Tuesday, March 18, 2008

This can't let this continue for much longer...


In the first paragraph I was immediately engrossed in this reading because throughout hearing about race you always hear about African-American women and Caucasian women and even Latino and Mexican women but you seldom hear about Asian Pacific American women. However, when Yamada was speaking in terms of Women’s organizations that tell every women to “join” and give “input” and how these are the better ones I am not quite sure I agree because in reference to the Combahee River Collective, African-American women found that though they may say that it is not necessarily how they really feel. Now given you cannot speak for every woman’s organization but in respect to what Yamada said I don’t know if I would go as far as to say that those are the “better ones.”

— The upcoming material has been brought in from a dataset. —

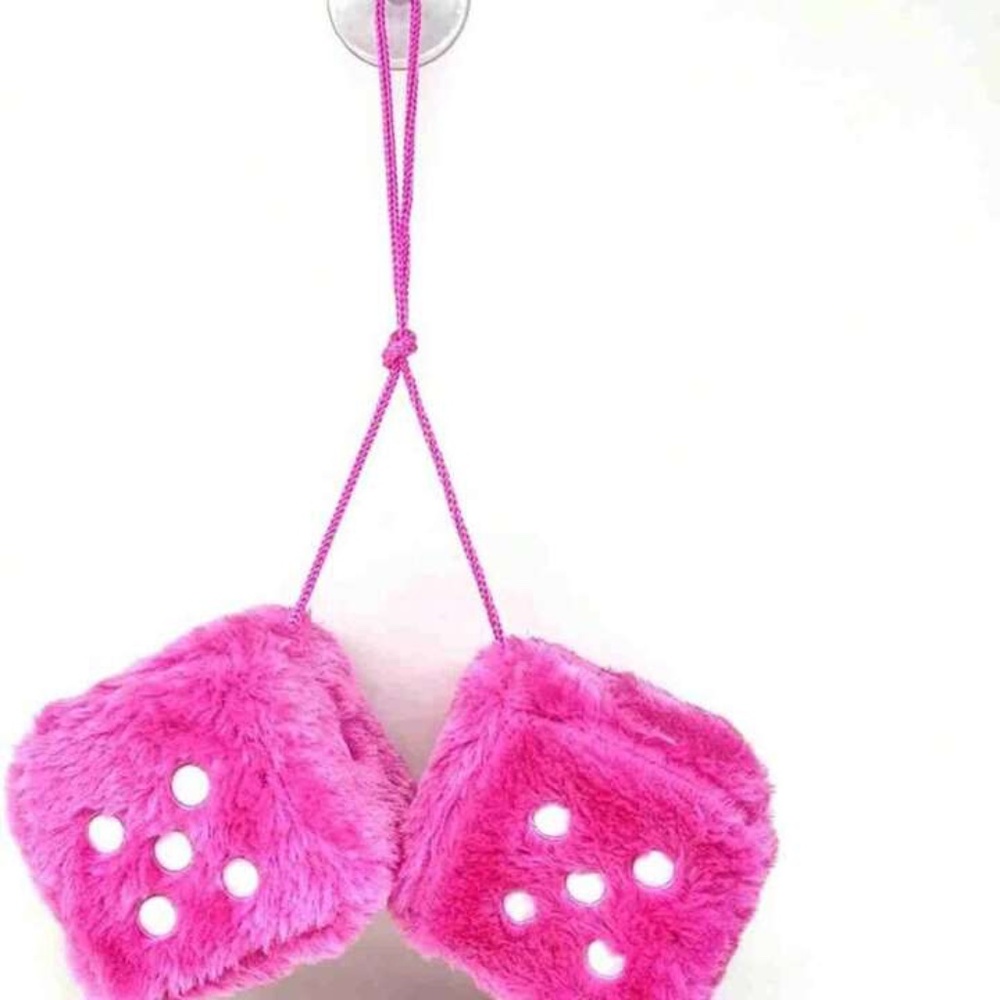 1PC 3” Pink With White Dots Fuzzy Plush Dice, Soft Plush Car Decorative Hanging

While reading this I felt that a lot of the oppression she was speaking in terms of not being recognized for anything other than stereotypes such as “passive and sweet” closely parallels the oppressions that many African American women face. Probably any female minority faces. While reading I felt and realized that in a sense it’s our own fault sometimes as women for how oppressed we are. Not saying we as women caused this but just as the reading said and even the reading from the Combahee River Collective stated some women in groups are “into pushing their own issues” and that’s disgusting to me. Why is it so hard for women to stand together and stand against all racism, oppression, and sexism? Not just one form of it. And Yamada states the exact same thing when she said “The two are not at war with one another; we shouldn’t have to sign a ‘loyalty oath’ favoring one over the other.” We all have trials, tribulations, and strife’s that we must fight through. But it’s ridiculous when we as women try to discredit the next woman. Understanding that just as Joy said this is not rocket science but in relation to hearing other ethnicity’s plights and oppressions in relation to ours it opens my eyes up tremendously.

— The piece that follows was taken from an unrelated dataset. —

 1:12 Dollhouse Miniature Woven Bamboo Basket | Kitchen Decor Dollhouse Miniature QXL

Even while reading Chicana Feminism, oppression of women in one form or another is displayed. What more are we going to have to do in order for all of us women… all… to recognize and understand that they “men” will keep holding us back if we do the same to our own. Same race, ethnicity, etc. we should not have to choose.

1 comment:

jhightow said...

But even if you think it is hard for women to stand together, I do not think that we CAUSE our own oppression. Our oppression is imposed by the masculinist forces in society. We do not wake up and say, " you know, today I am going to find a way to cause my own oppression." It is hard to break that mold, when 50% of the human race is against your struggle. It is a head to head battle that those in power have continue to prevail. Yes, the time is now. We have to work together to ease this overlapping oppression that women of color experience. When there is a collective of minority women, I think things will be much different, in that the cohesive effort would challenge the exisiting structure even more!